* Task to complete: Transcribe every line from the one containing "雅安如何防止墙体广告褪色呢？" to the end of the listing, exactly as written, and leave out the pictures.

* Dataset extract:
▼

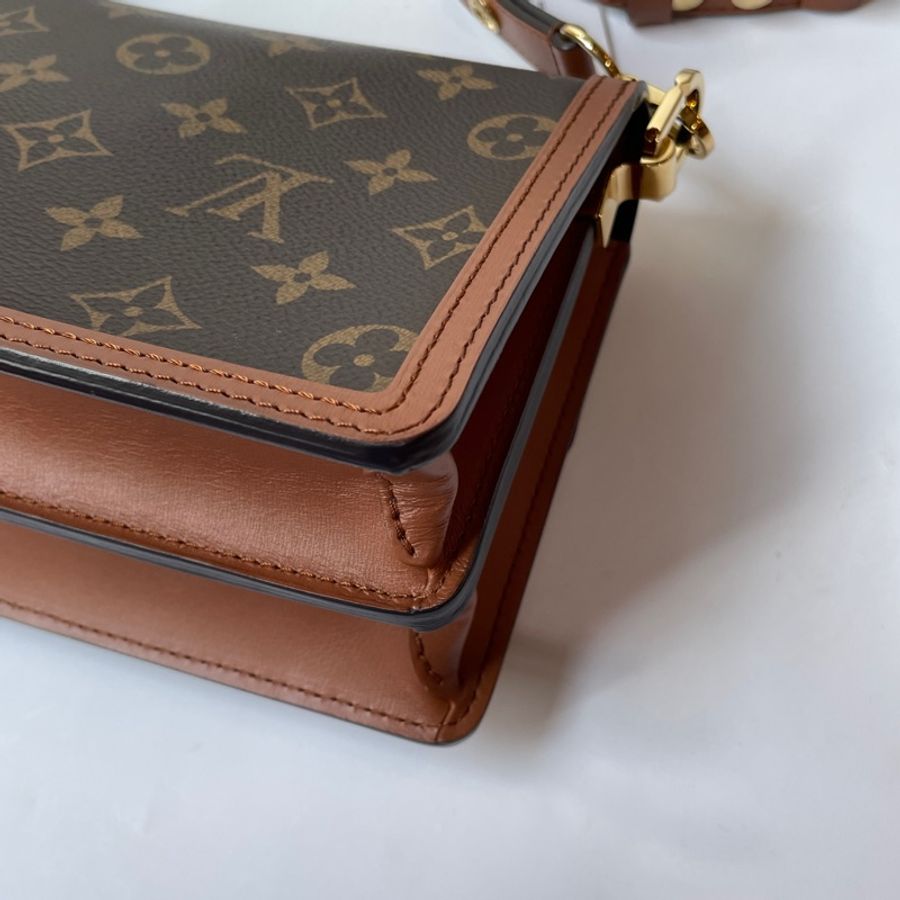 Louis Vuitton Dauphine mini-14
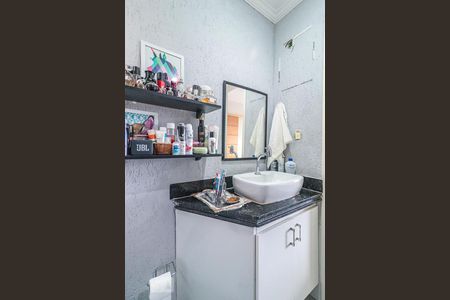 Apartamento à venda com 120m², 2 quartos e 1 vagaBanheiro da Suíte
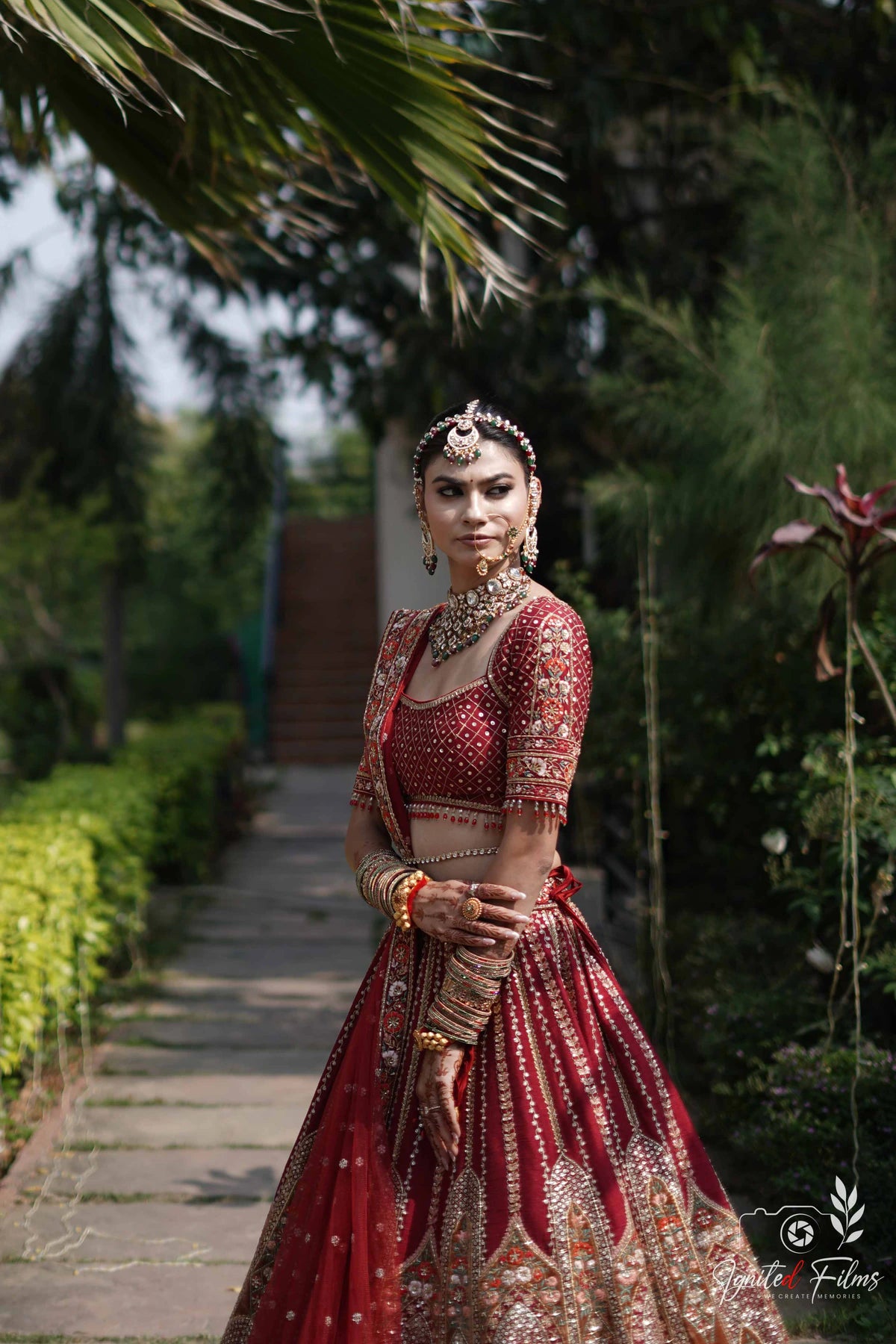 Gulzar Lehenga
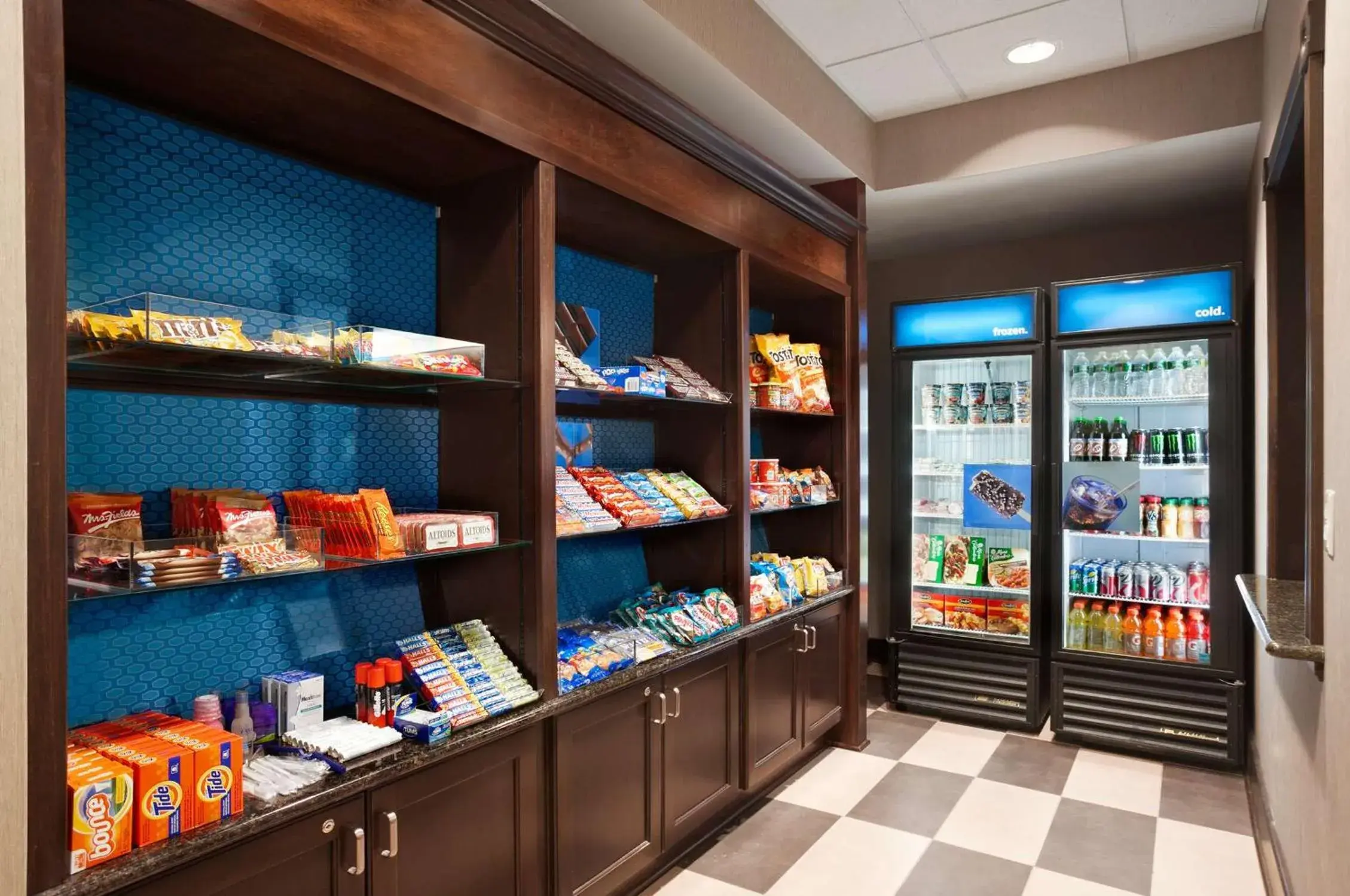 Restaurant/places to eat in Hampton Inn & Suites - Mansfield Restaurant/places to eat in Hampton Inn & Suites - Mansfield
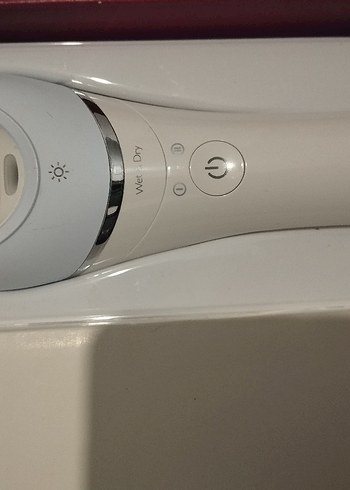 Philips Satinelle Advanced Beyaz Epilatör - Görsel 2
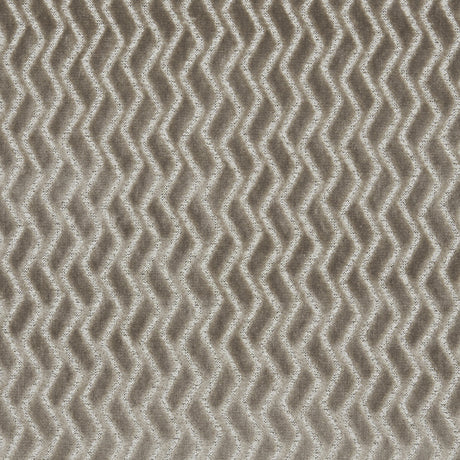 CLARKE AND CLARKE F1084/08.CAC.0 MADISON TAUPE Fabric - Eade's Wallpaper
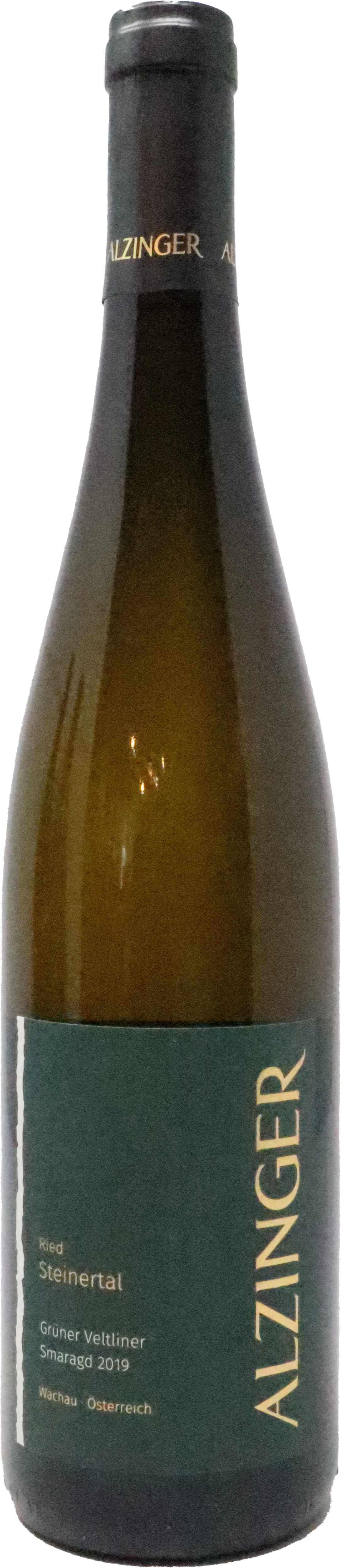 2021 Alzinger Grüner Veltliner "Ried Steinertal" Smaragd, Wachau, Austria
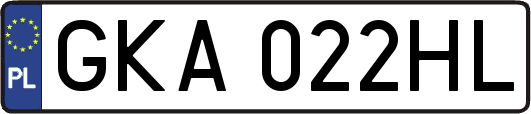 GKA022HL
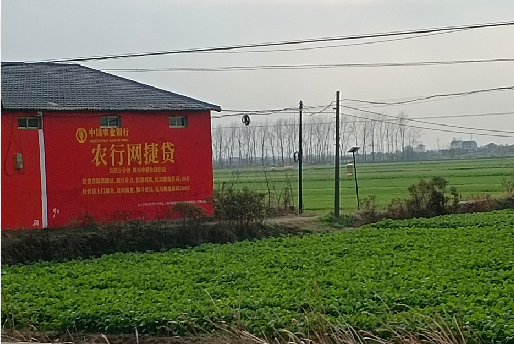 雅安如何防止墙体广告褪色呢？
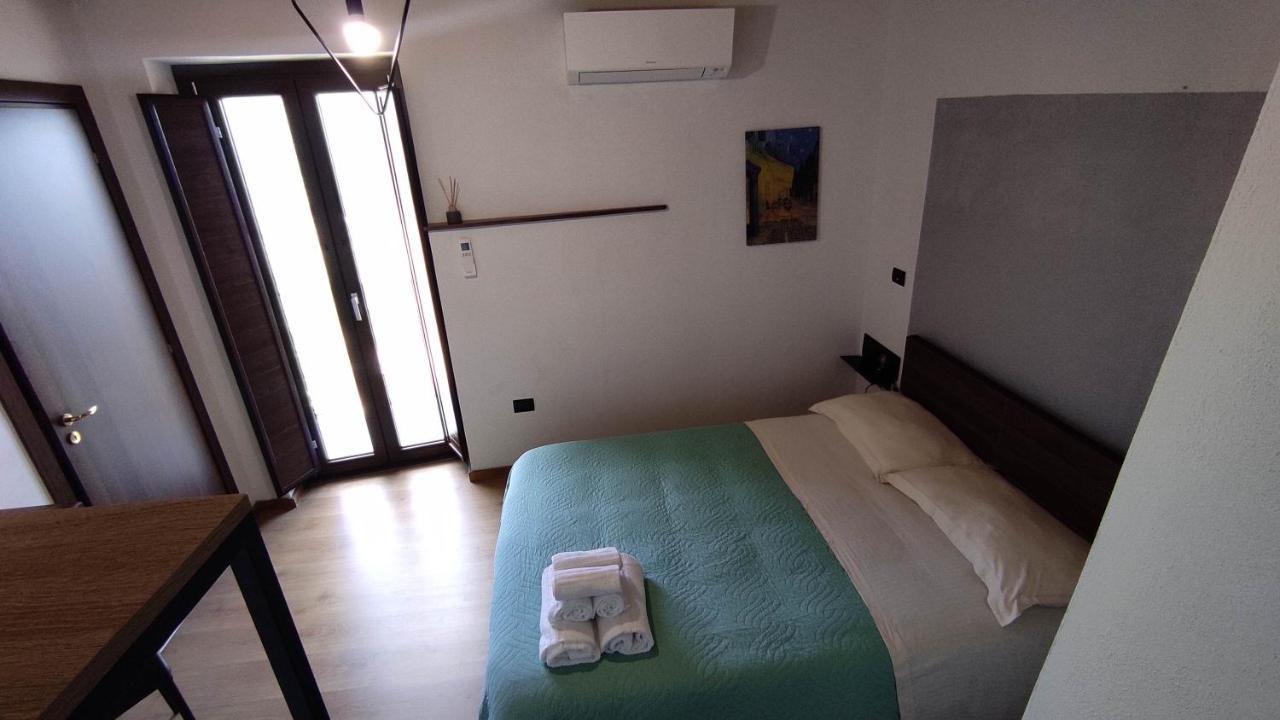 Al Castello Hotel Morano Calabro Room photo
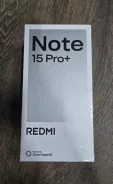 Xiaomi Redmi Note 15 Pro+ 5G. �����, 512 ��, ������, 3G, 4G LTE, 5G, Dual-SIM, NFC ����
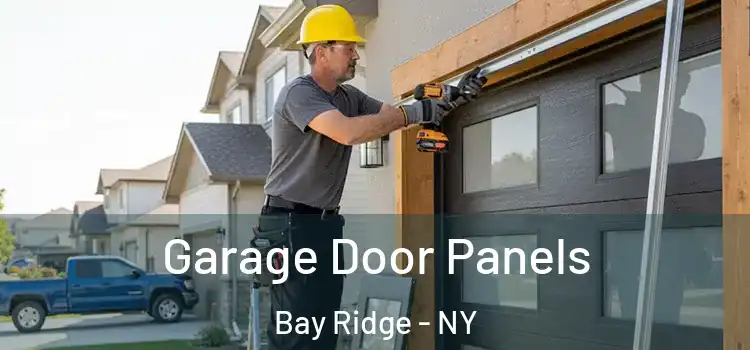  Garage Door Panels Bay Ridge - NY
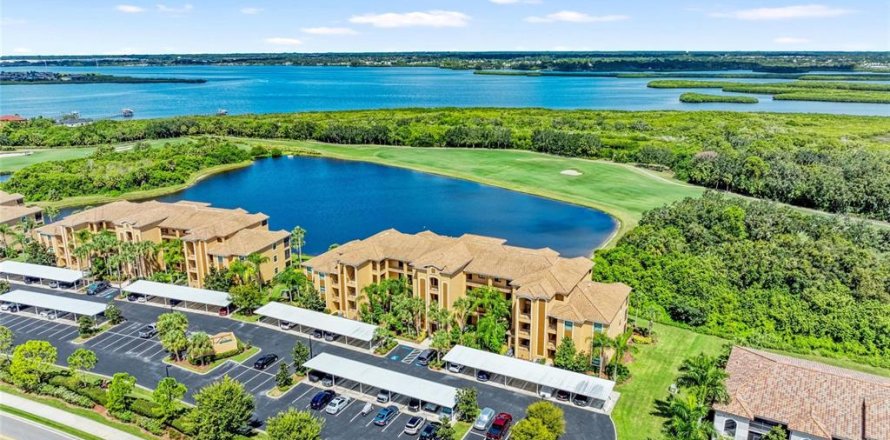 Condominio en Bradenton, Florida, 2 dormitorios № 2097297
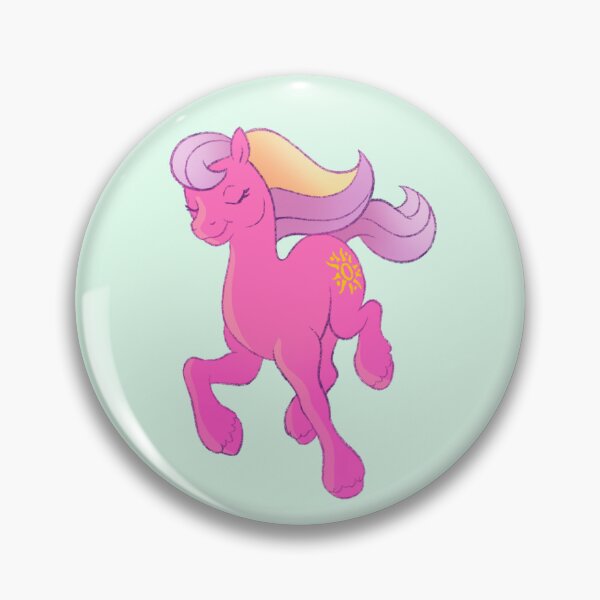 Item preview, G2 My Little Pony Sundance Trotting designed and sold by LezzlesTheBrave.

▲

* Exercise result:
 雅安如何防止墙体广告褪色呢？
 Al Castello Hotel Morano Calabro Room photo
 Xiaomi Redmi Note 15 Pro+ 5G. �����, 512 ��, ������, 3G, 4G LTE, 5G, Dual-SIM, NFC ����
  Garage Door Panels Bay Ridge - NY
 Condominio en Bradenton, Florida, 2 dormitorios № 2097297
 Item preview, G2 My Little Pony Sundance Trotting designed and sold by LezzlesTheBrave.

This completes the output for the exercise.